§ WHAT YOU WILL DO
Would you transcribe only the lines below, from the one containing "Lotion pour le" through the end of the material, exactly and with no pictures?

□ □ □ □ □ □ □

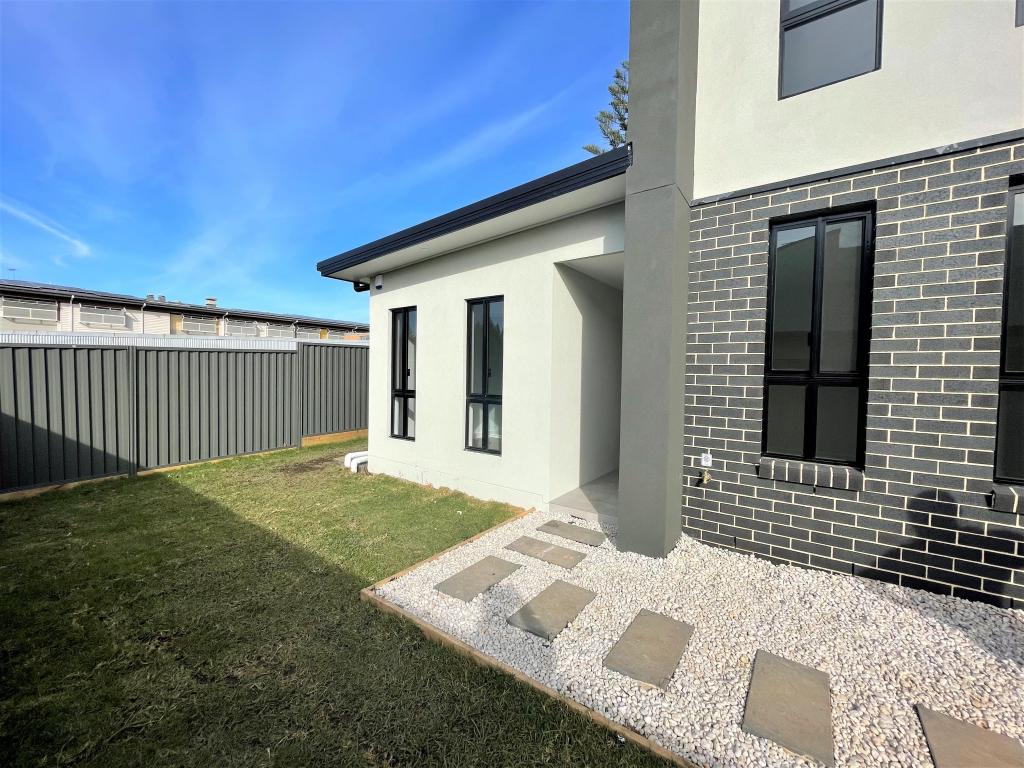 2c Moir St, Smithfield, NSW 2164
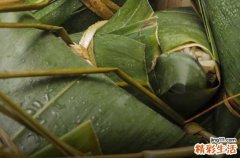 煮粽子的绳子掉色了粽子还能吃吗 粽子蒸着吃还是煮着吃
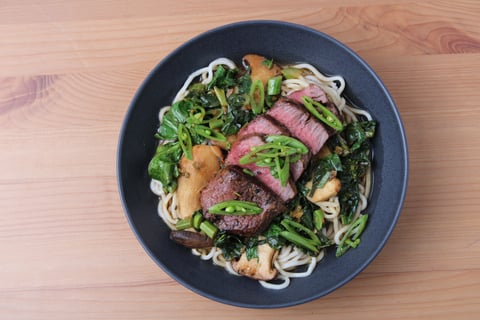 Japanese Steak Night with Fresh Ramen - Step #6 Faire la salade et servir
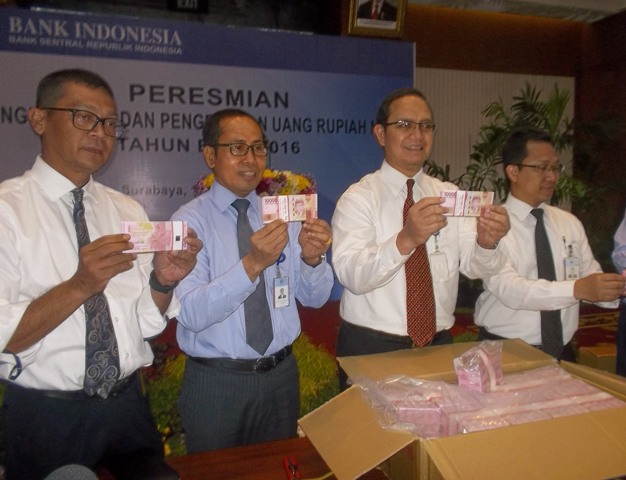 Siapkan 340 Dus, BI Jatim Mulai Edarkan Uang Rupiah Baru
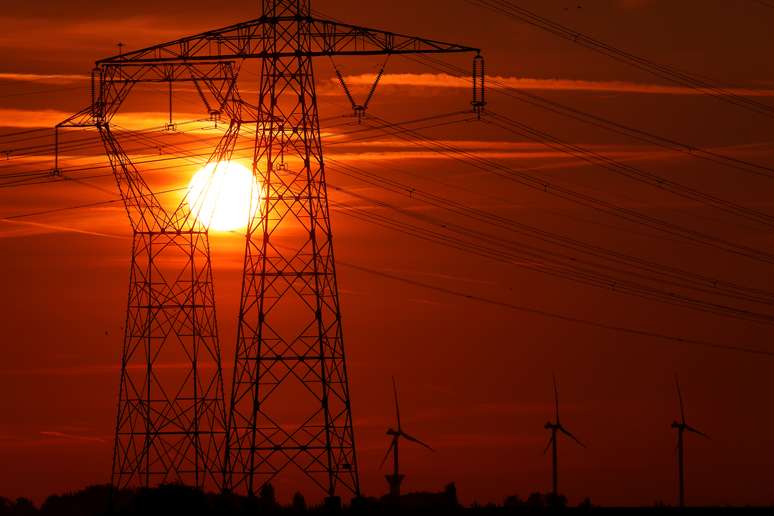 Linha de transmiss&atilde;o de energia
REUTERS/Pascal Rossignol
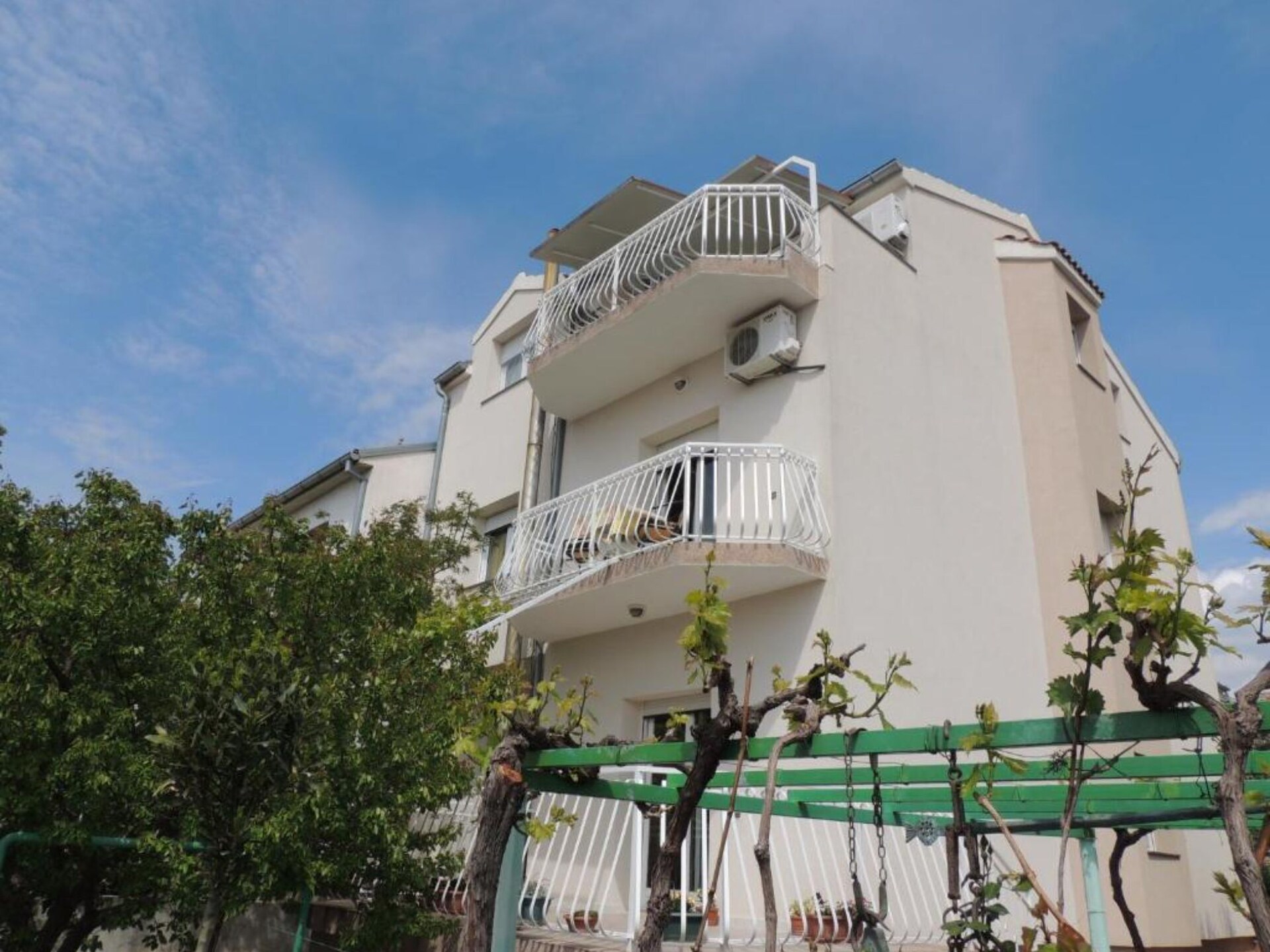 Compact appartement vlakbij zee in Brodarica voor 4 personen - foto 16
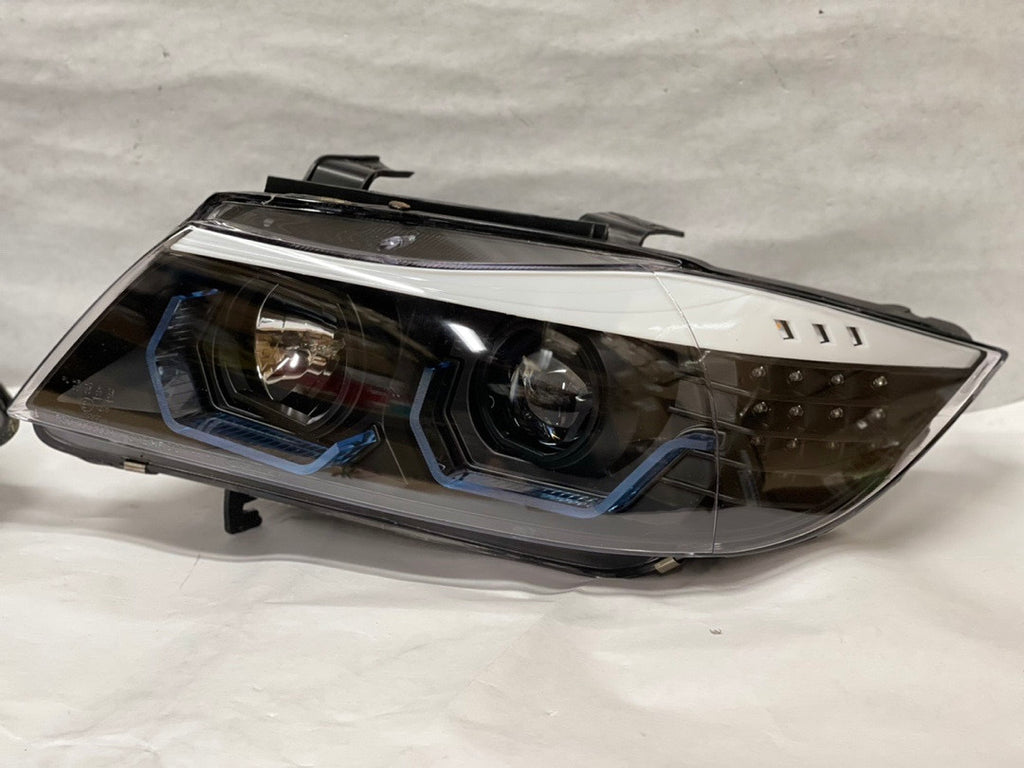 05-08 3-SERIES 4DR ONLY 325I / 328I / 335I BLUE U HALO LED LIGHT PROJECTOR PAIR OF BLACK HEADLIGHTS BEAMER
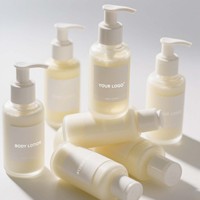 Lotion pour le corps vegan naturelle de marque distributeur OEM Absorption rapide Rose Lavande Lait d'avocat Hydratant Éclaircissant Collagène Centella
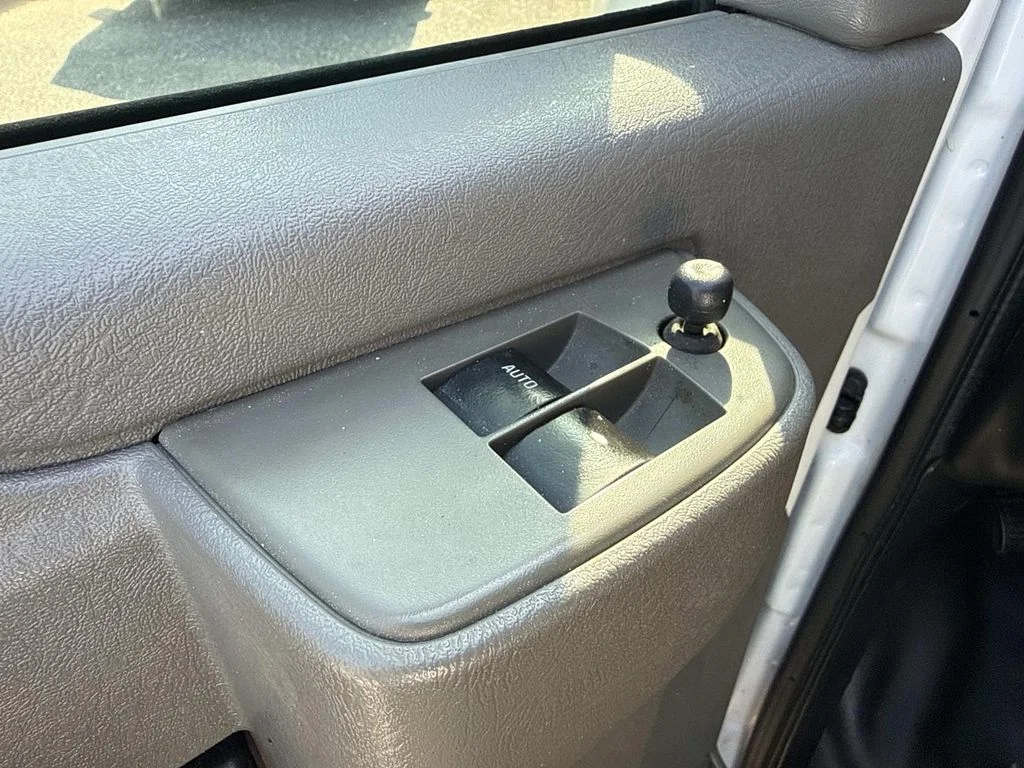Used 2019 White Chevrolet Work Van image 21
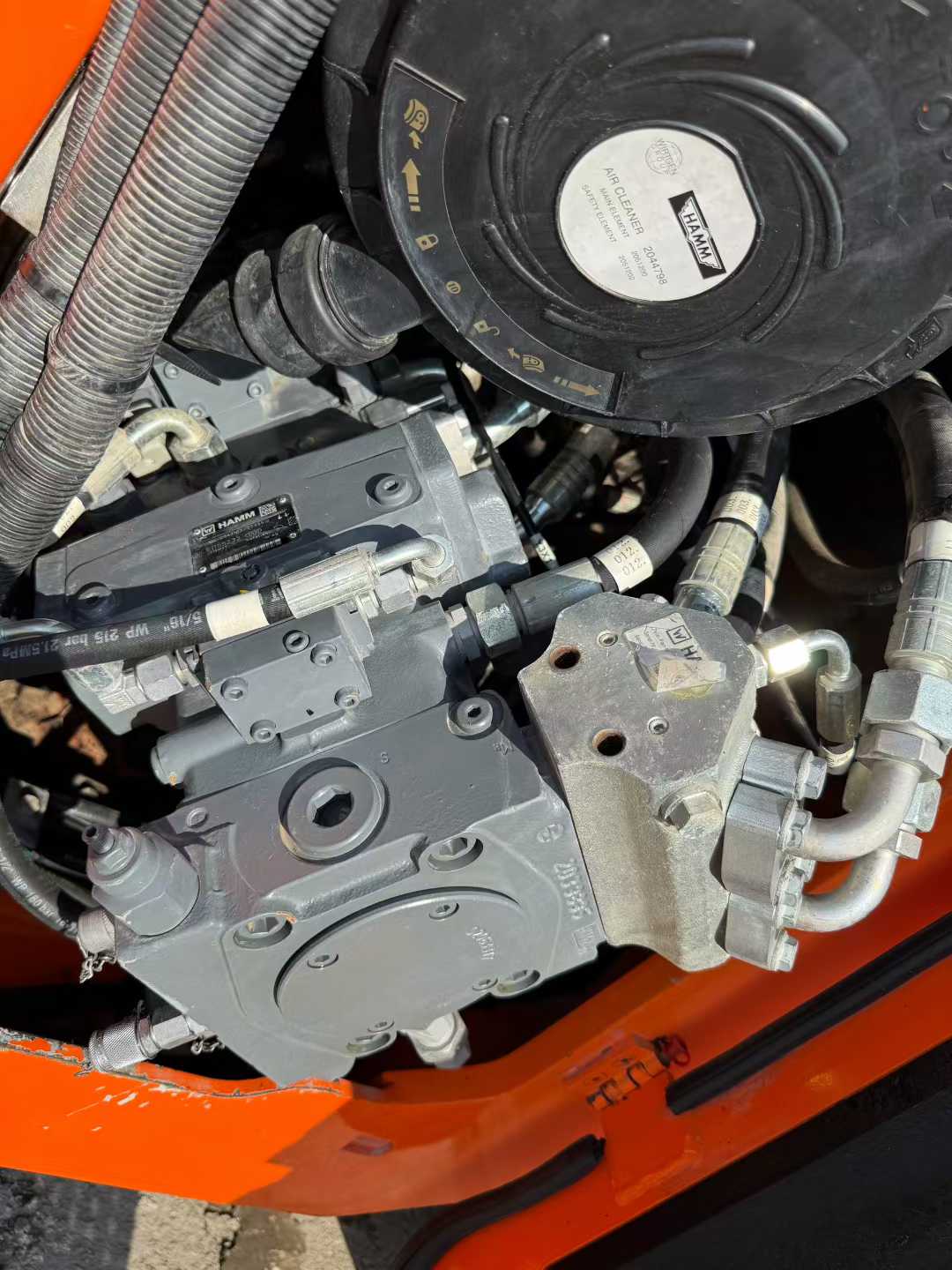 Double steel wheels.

□ □ □ □ □ □ □

§ OUTPUT BELOW
 Lotion pour le corps vegan naturelle de marque distributeur OEM Absorption rapide Rose Lavande Lait d'avocat Hydratant Éclaircissant Collagène Centella
Used 2019 White Chevrolet Work Van image 21
 Double steel wheels.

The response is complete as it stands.